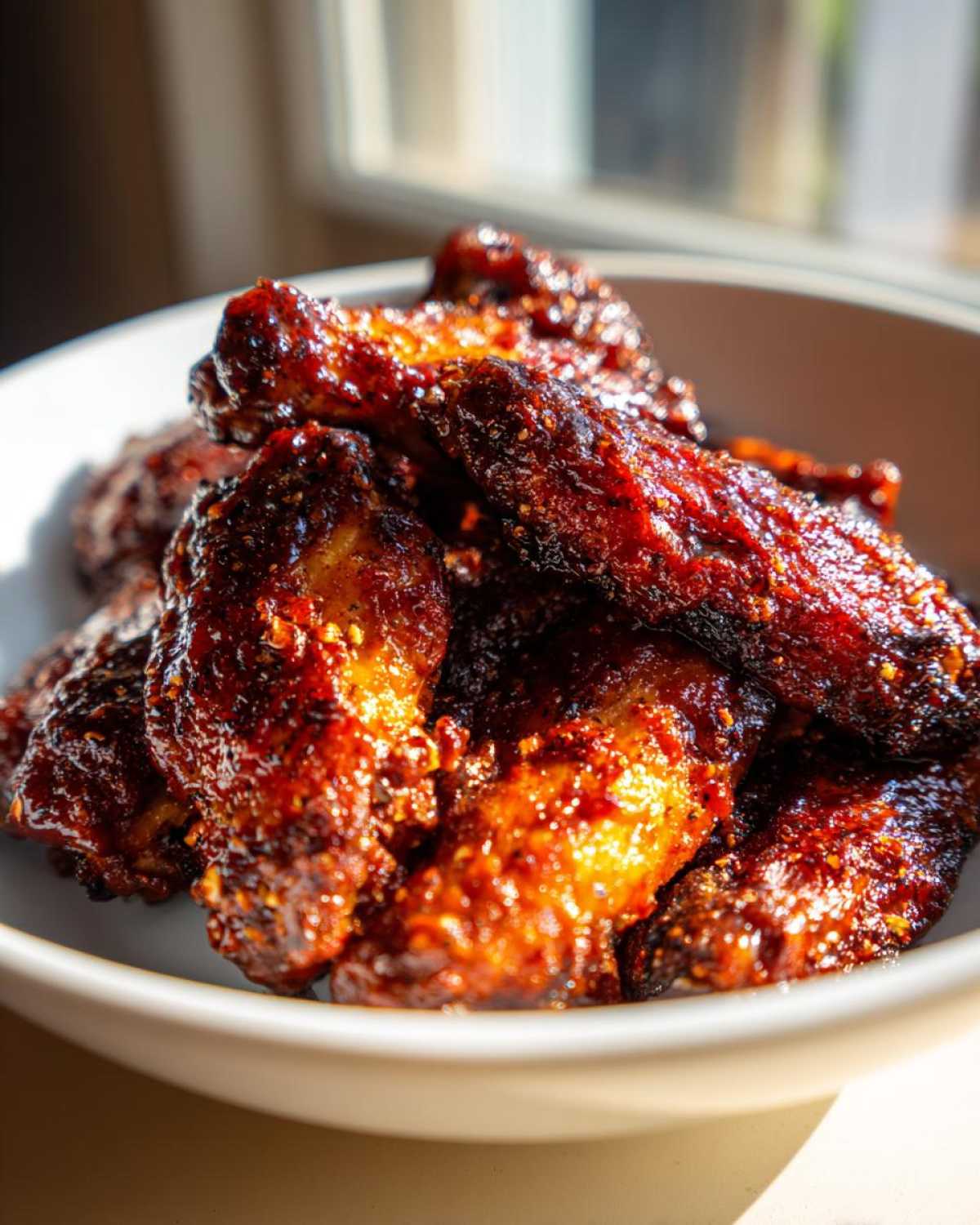 Close-up of glossy, saucy Air Fryer BBQ Chicken Wings piled high in a white bowl.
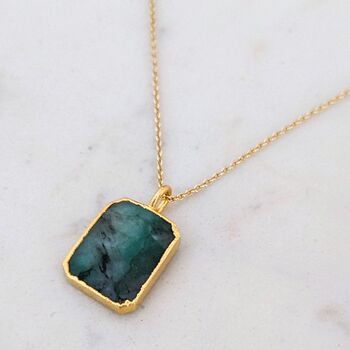 'The Rectangle' Emerald Necklace, 18ct Gold Plated, 2 of 9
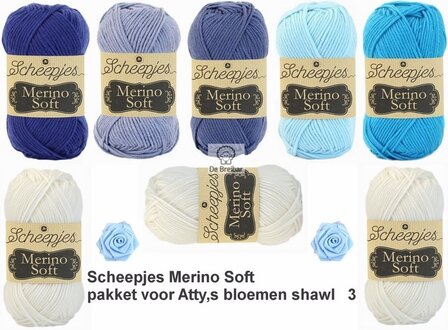 Atty,s bloemenshawl Merino Soft Scheepjes blauw 3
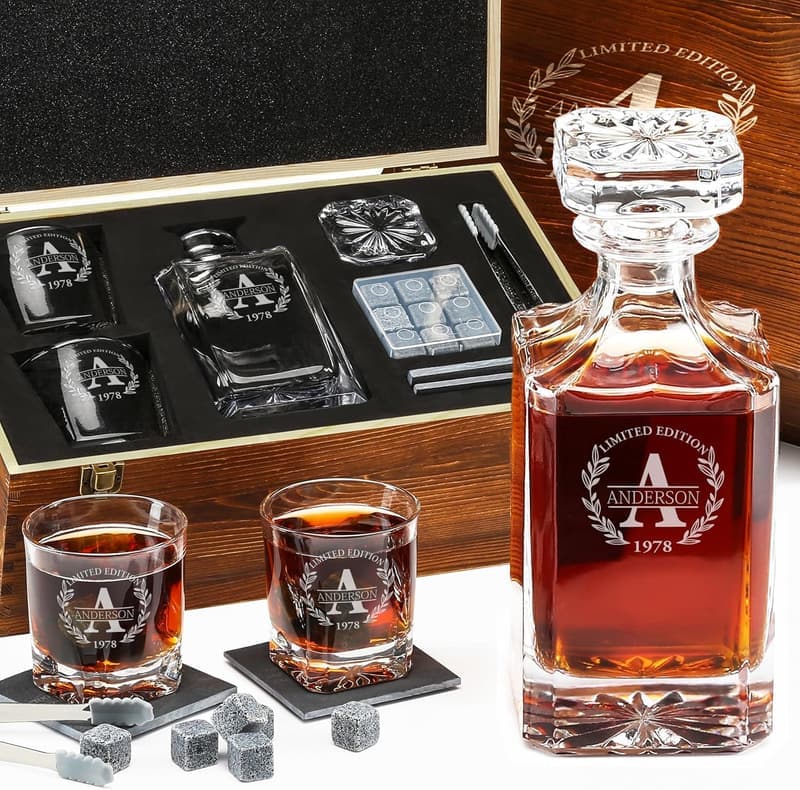 Personalized Whiskey Decanter Set with Granite Stones for Dad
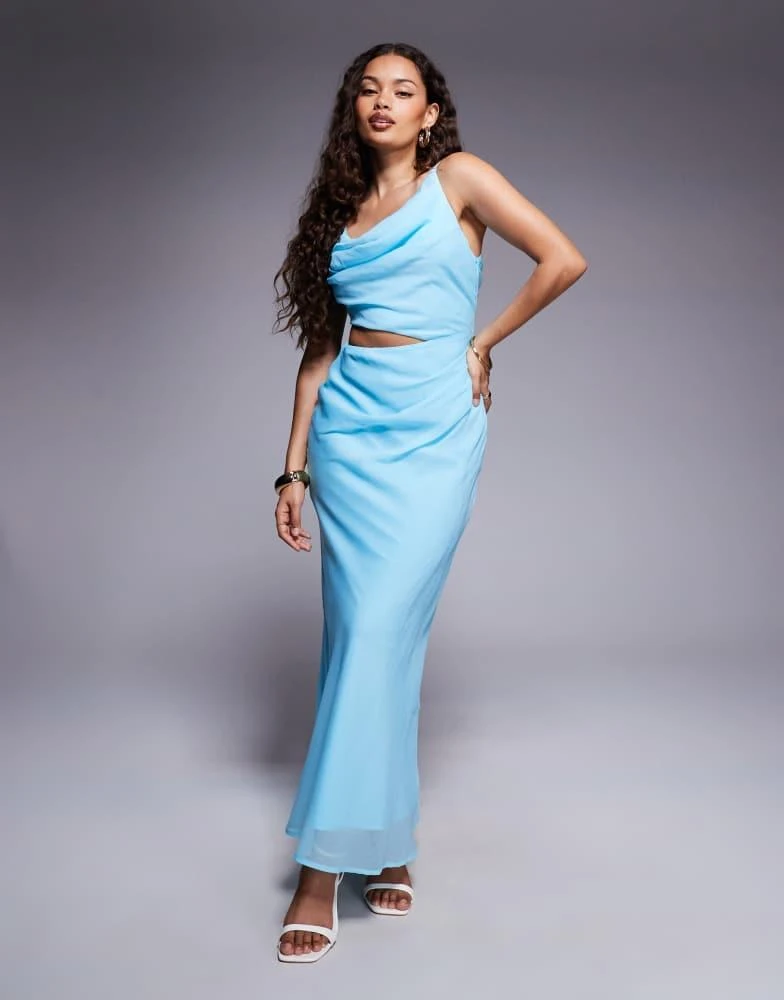 ASOS ASOS DESIGN Petite asymmetric drape faux-ord maxi dress in aqua blue -  Dresses & Skirts - BeyondStyle
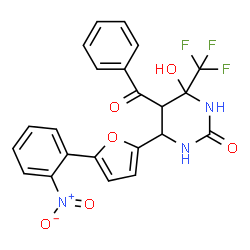 4-hydroxy-6-[5-(2-nitrophenyl)furan-2-yl]-5-(phenylcarbonyl)-4-(trifluoromethyl)tetrahydropyrimidin-2(1H)-one结构式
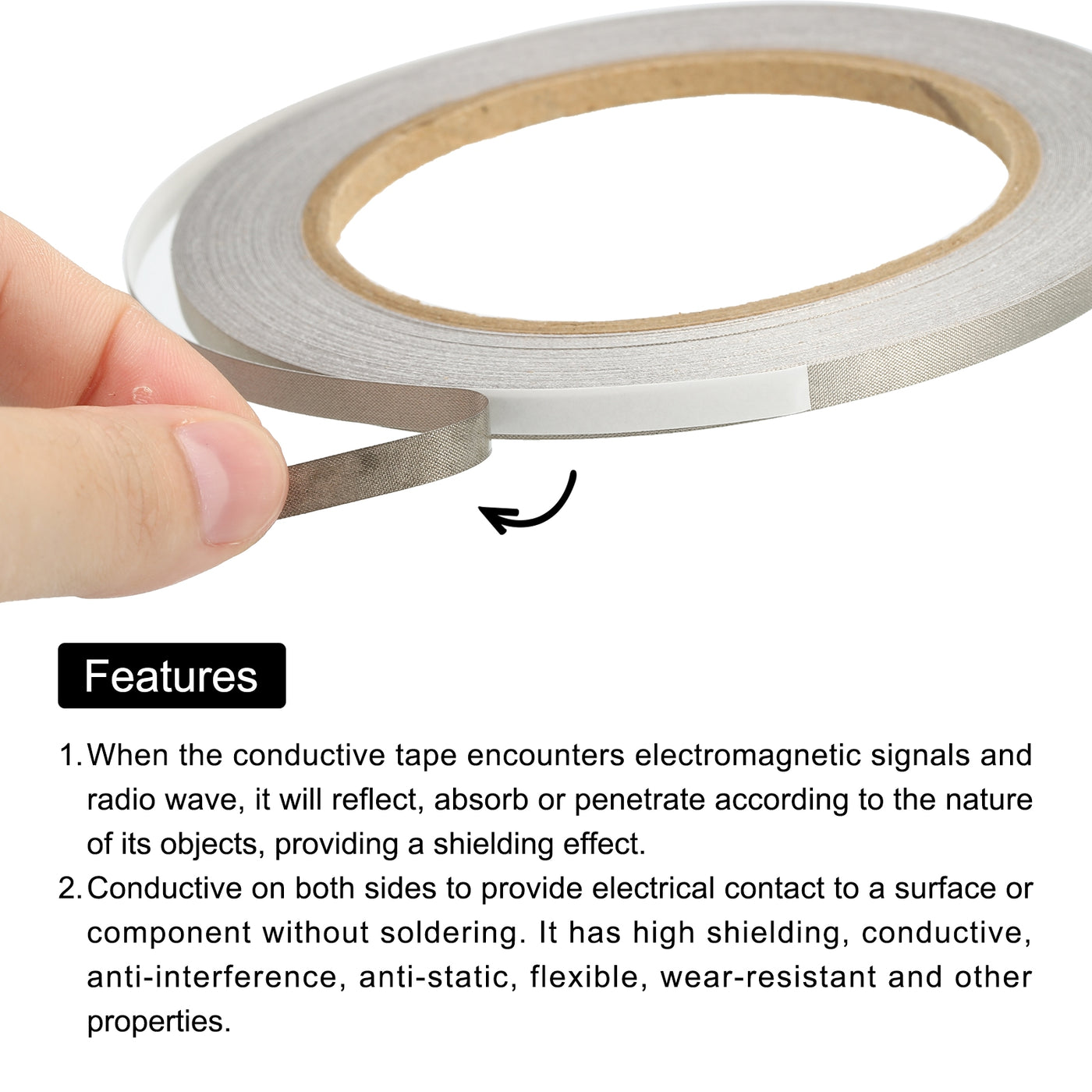 Harfington Faraday Tape 0.2"x65.62 Feet Conductive Cloth Fabric Adhesive Tape 2Pcs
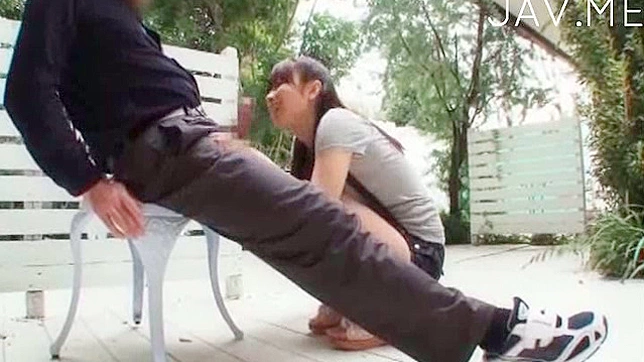Demure Japanese Chick Sucks Cock Outdoors for Racy Fun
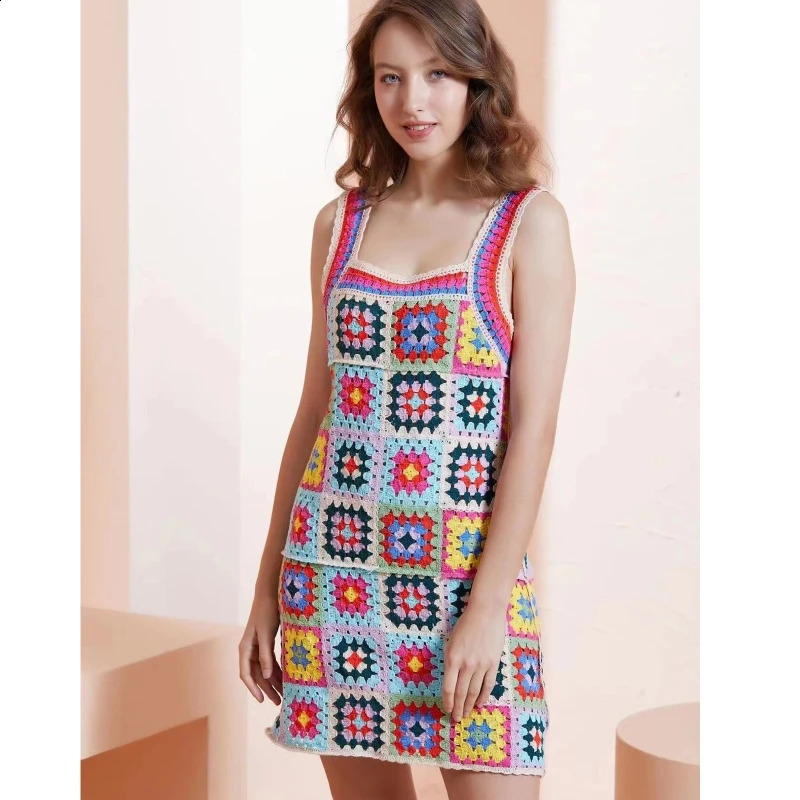 Summer Beach Skirt Bikini Crochet Flower Short Skirt Sleeveless Sling Dress H7EF 240821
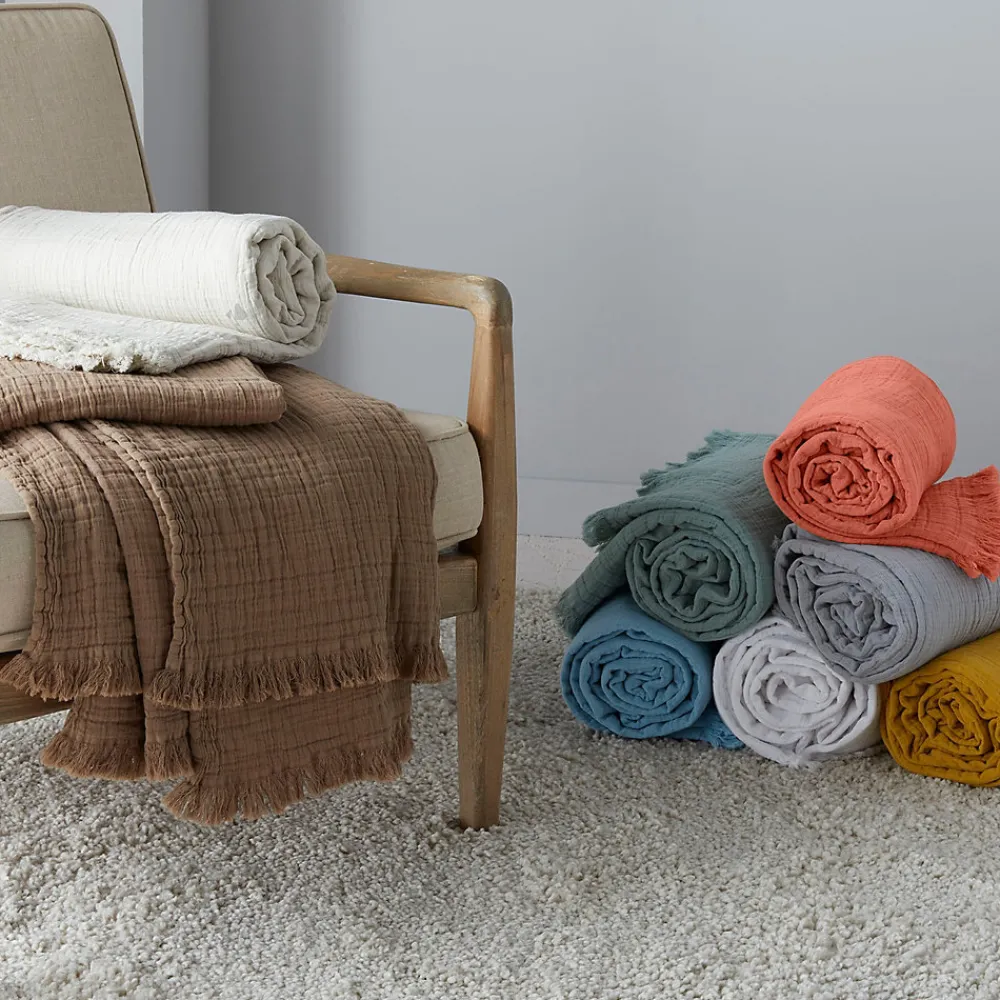 Dessus de lit 230x250 cm BREHAT 100% gaze de coton marron galet>Linnea Sale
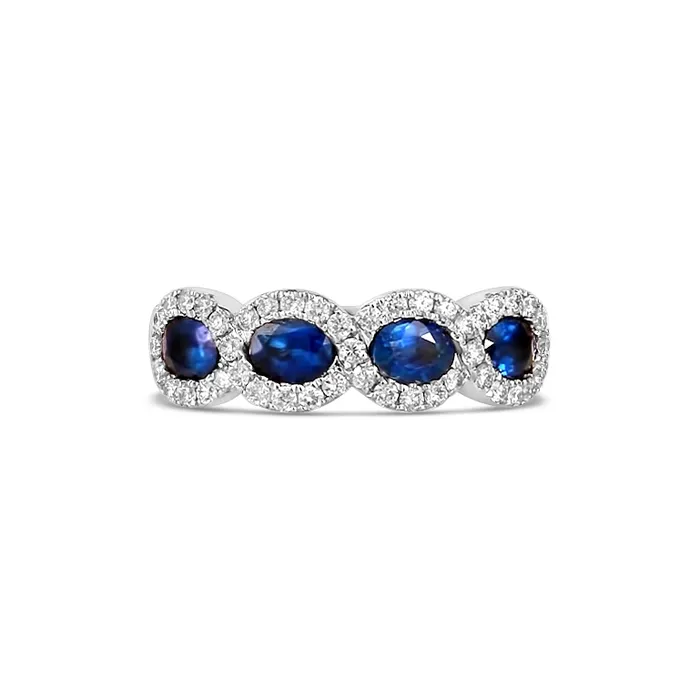 Rings Meierotto Jewelers 14K White Gold Sapphire and Diamond Ring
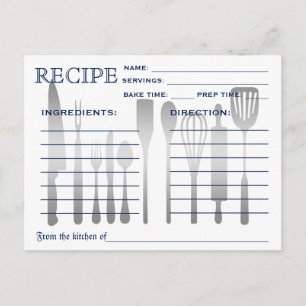 Retro Recipe Kaart Blue Striped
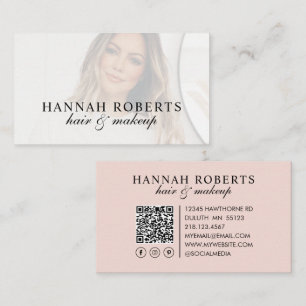 Rosa skript sociala QR-kod foto hår makeup Visitkort
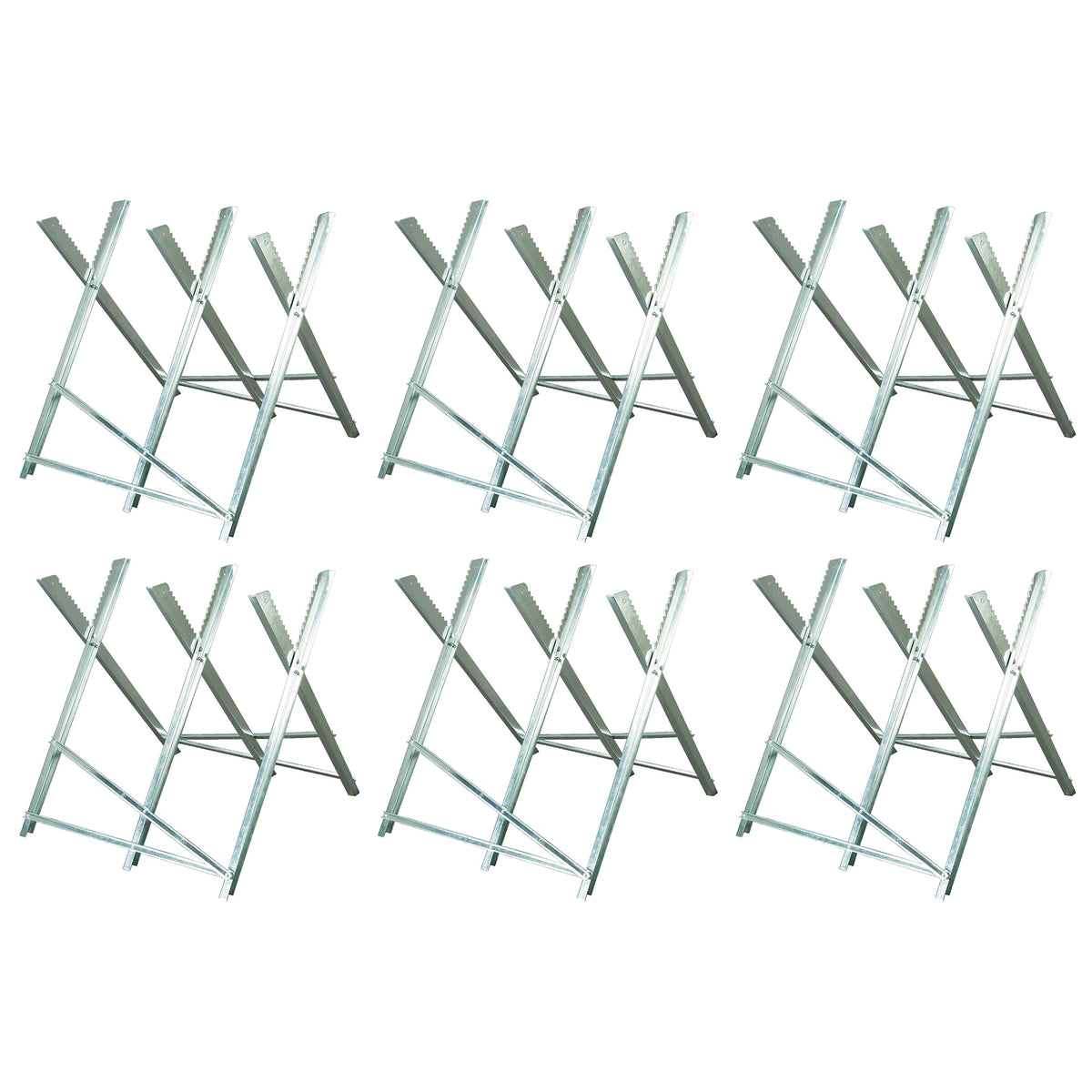 Timber Tuff TMW-10 Portable Adjustable Lumber Log Holder Sawhorse Stand (6 Pack)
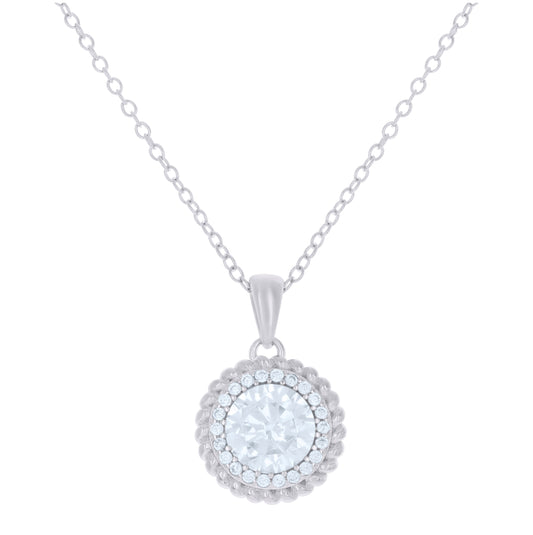 Sterling Silver Womens Cubic-Zirconia Fashion Charm Necklace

- **Work item**: Your reply should hold nothing but the lines above, from the one containing "Personalized Whiskey Decanter" to the one containing "4-hydroxy-6-[5", reproduced exactly minus the pictures.

- **Result for this task**:
 Personalized Whiskey Decanter Set with Granite Stones for Dad
 ASOS ASOS DESIGN Petite asymmetric drape faux-ord maxi dress in aqua blue -  Dresses & Skirts - BeyondStyle
 4-hydroxy-6-[5-(2-nitrophenyl)furan-2-yl]-5-(phenylcarbonyl)-4-(trifluoromethyl)tetrahydropyrimidin-2(1H)-one结构式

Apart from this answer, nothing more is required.